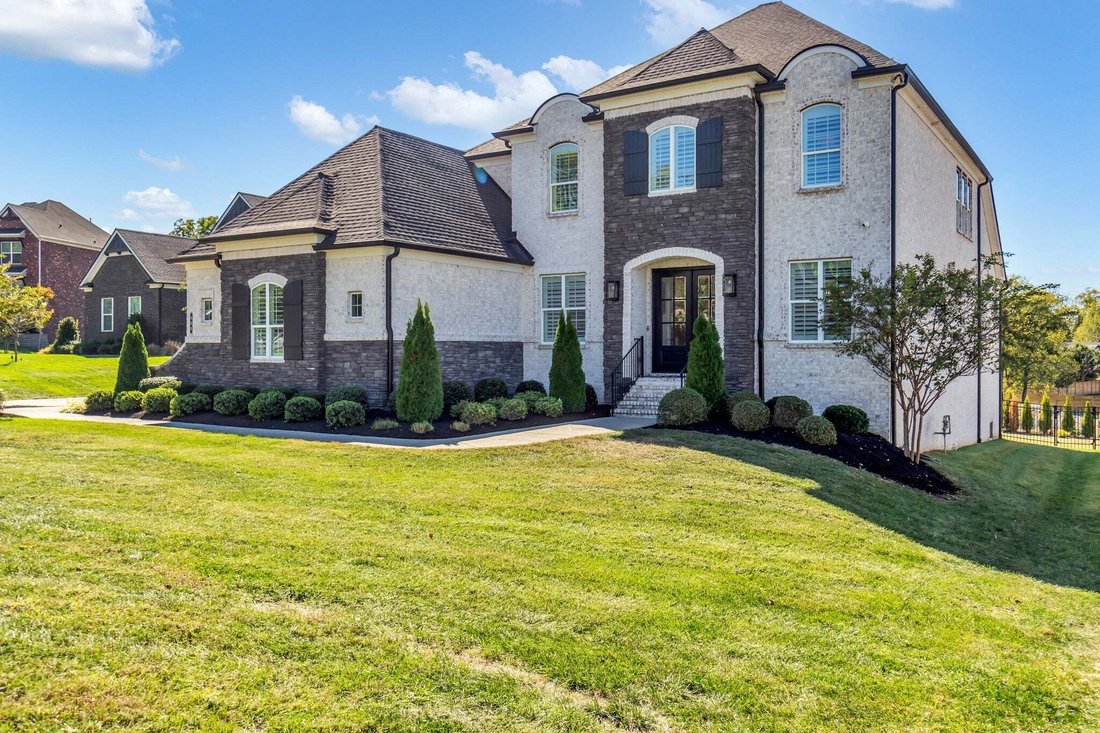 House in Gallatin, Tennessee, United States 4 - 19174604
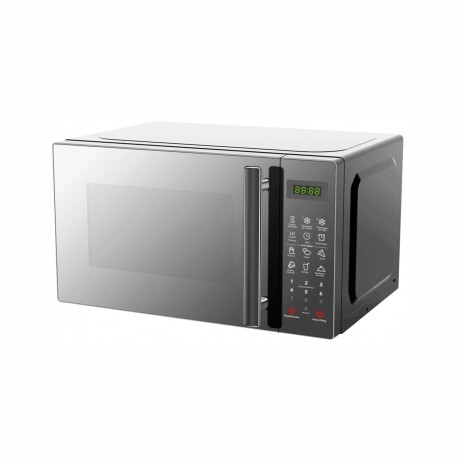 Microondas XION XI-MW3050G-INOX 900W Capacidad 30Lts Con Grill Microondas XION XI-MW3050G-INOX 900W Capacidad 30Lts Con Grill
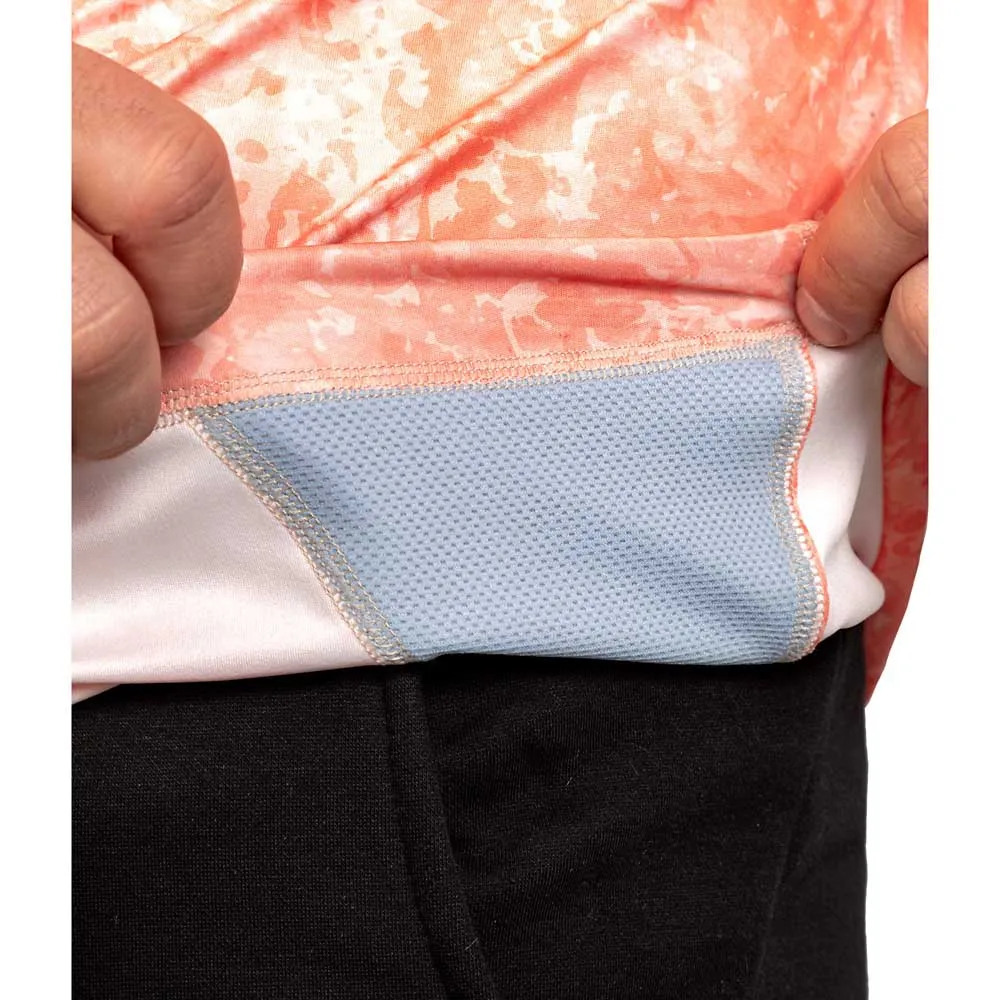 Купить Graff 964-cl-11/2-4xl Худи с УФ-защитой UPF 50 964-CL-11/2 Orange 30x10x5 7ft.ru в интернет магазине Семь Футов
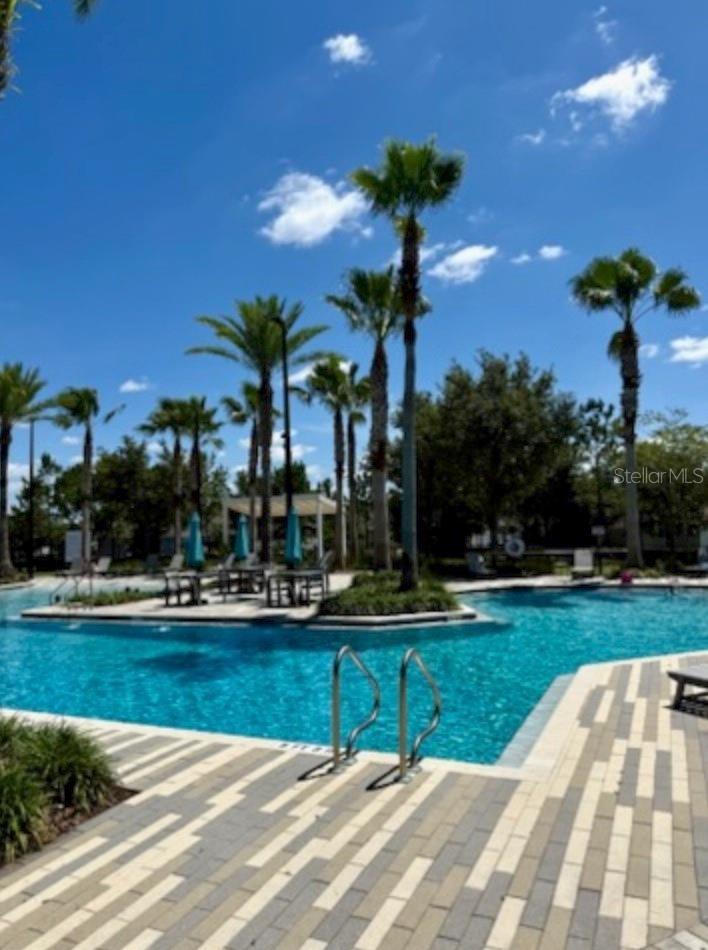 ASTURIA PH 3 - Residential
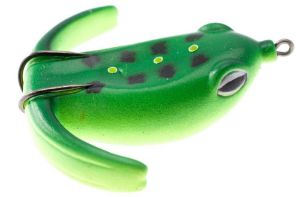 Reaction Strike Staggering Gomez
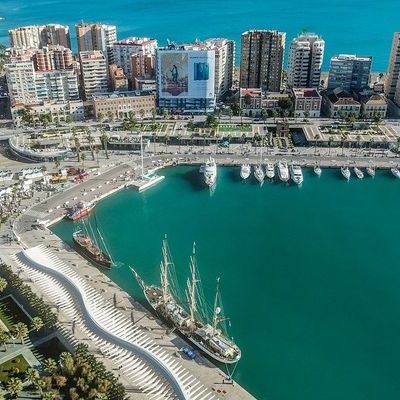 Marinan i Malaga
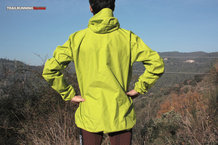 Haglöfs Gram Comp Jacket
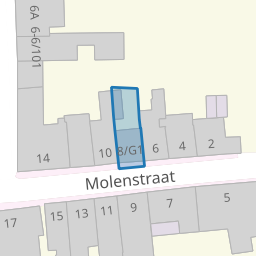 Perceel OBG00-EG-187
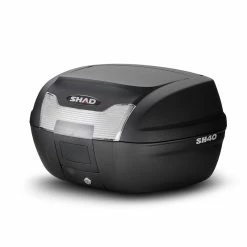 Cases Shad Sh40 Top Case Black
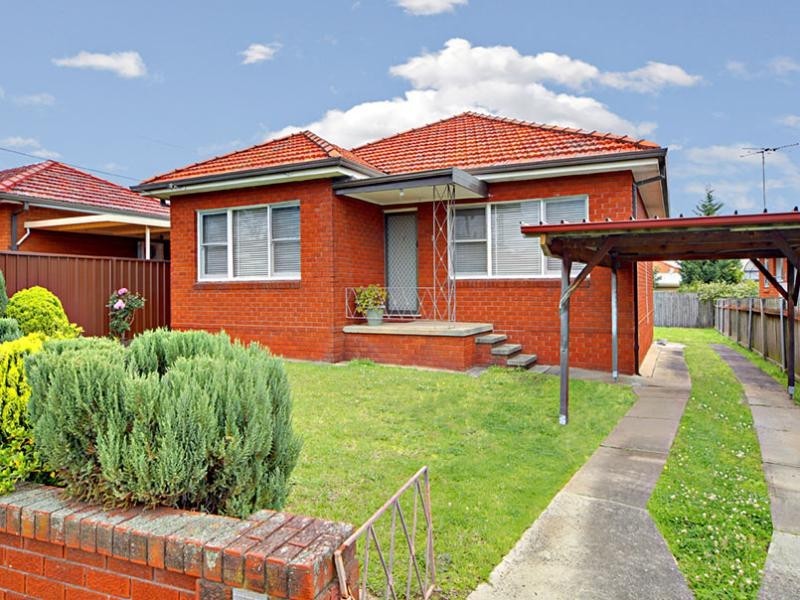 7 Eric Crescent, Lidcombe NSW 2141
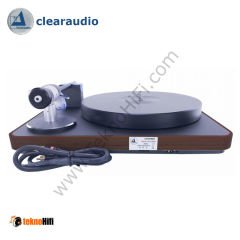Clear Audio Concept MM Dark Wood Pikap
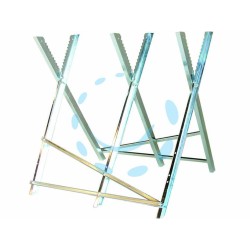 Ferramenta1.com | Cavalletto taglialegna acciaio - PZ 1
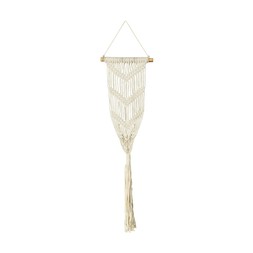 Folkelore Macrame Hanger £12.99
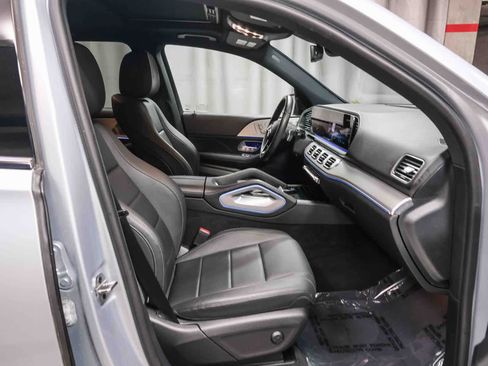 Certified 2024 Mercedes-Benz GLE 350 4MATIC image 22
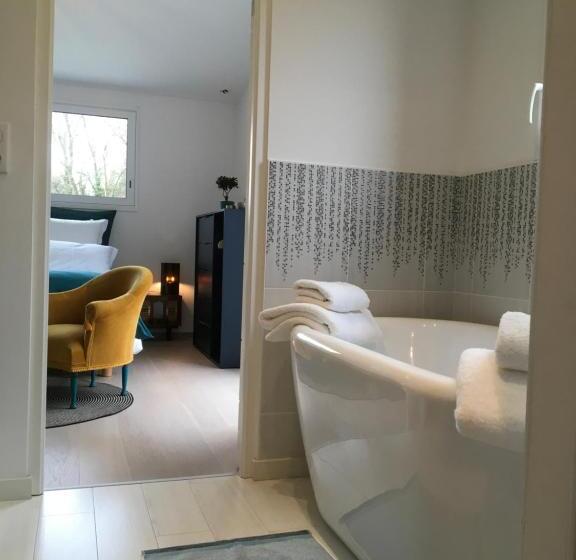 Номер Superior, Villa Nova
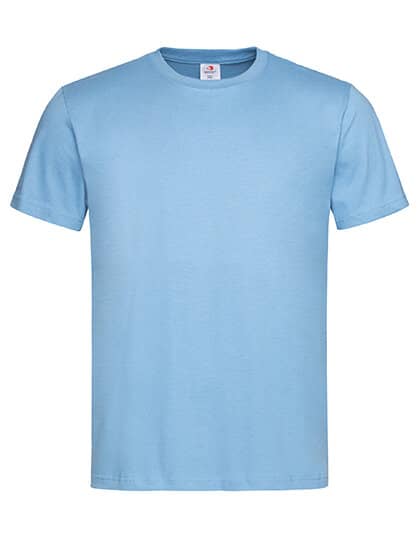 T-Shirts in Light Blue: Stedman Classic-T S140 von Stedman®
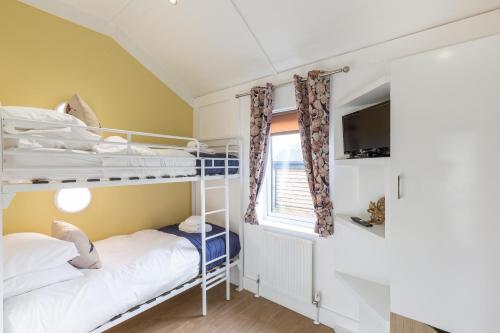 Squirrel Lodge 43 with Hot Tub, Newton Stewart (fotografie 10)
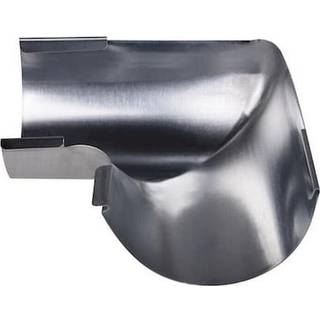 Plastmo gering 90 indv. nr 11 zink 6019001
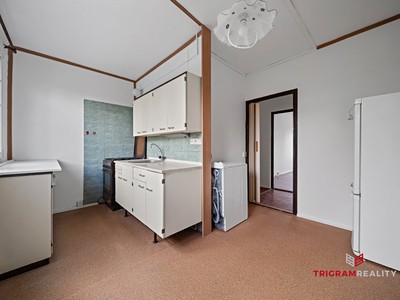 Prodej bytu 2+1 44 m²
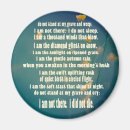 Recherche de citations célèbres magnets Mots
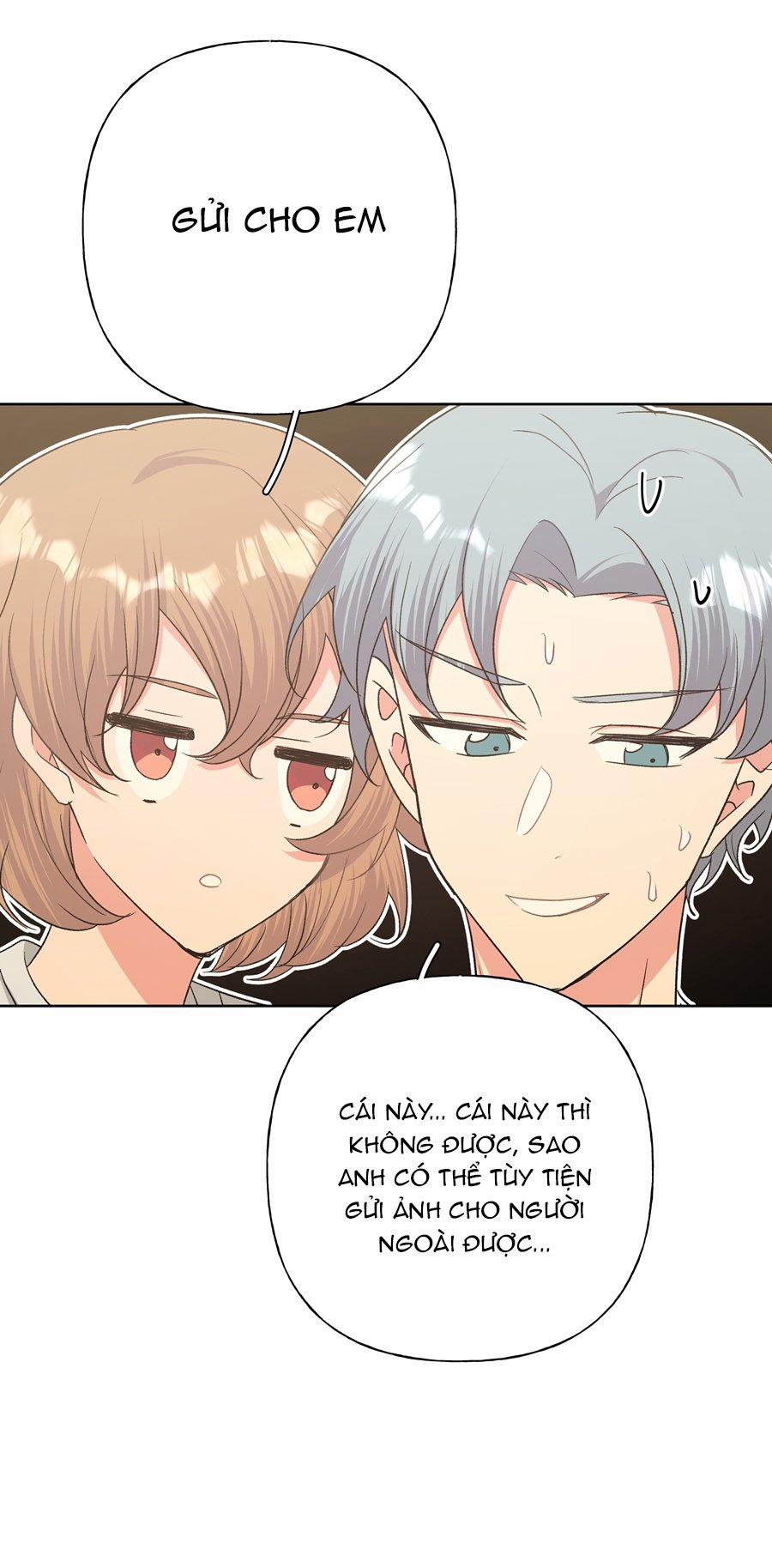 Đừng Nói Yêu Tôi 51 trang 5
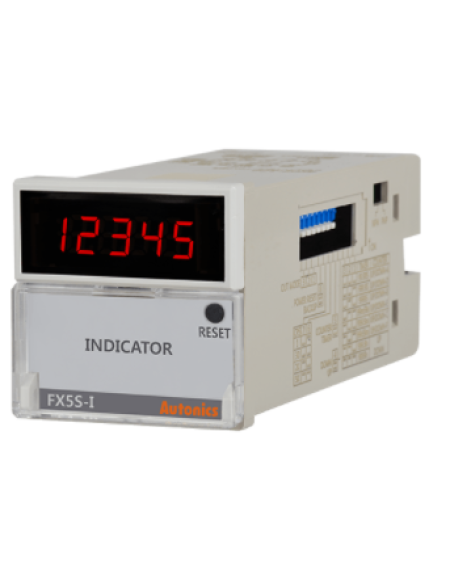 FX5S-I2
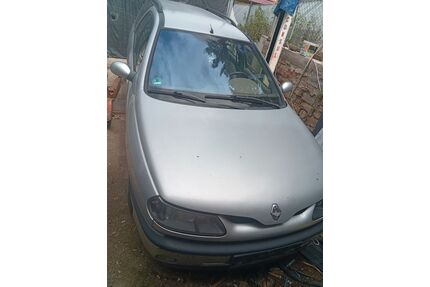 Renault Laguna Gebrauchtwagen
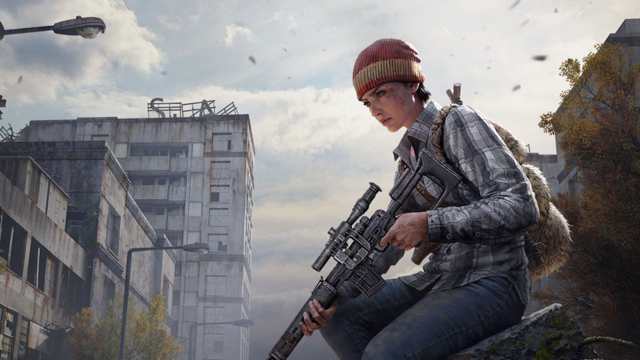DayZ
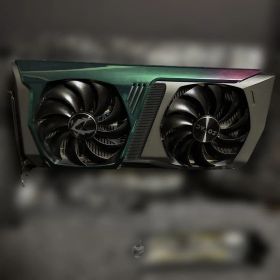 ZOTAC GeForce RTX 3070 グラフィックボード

| How to complete this task |
Please restate the material above line by line, exactly, beginning at its first line and ending with the line that contains "Con Grill Microondas", without any pictures.

| Exercise solution |
 House in Gallatin, Tennessee, United States 4 - 19174604
 Microondas XION XI-MW3050G-INOX 900W Capacidad 30Lts Con Grill Microondas XION XI-MW3050G-INOX 900W Capacidad 30Lts Con Grill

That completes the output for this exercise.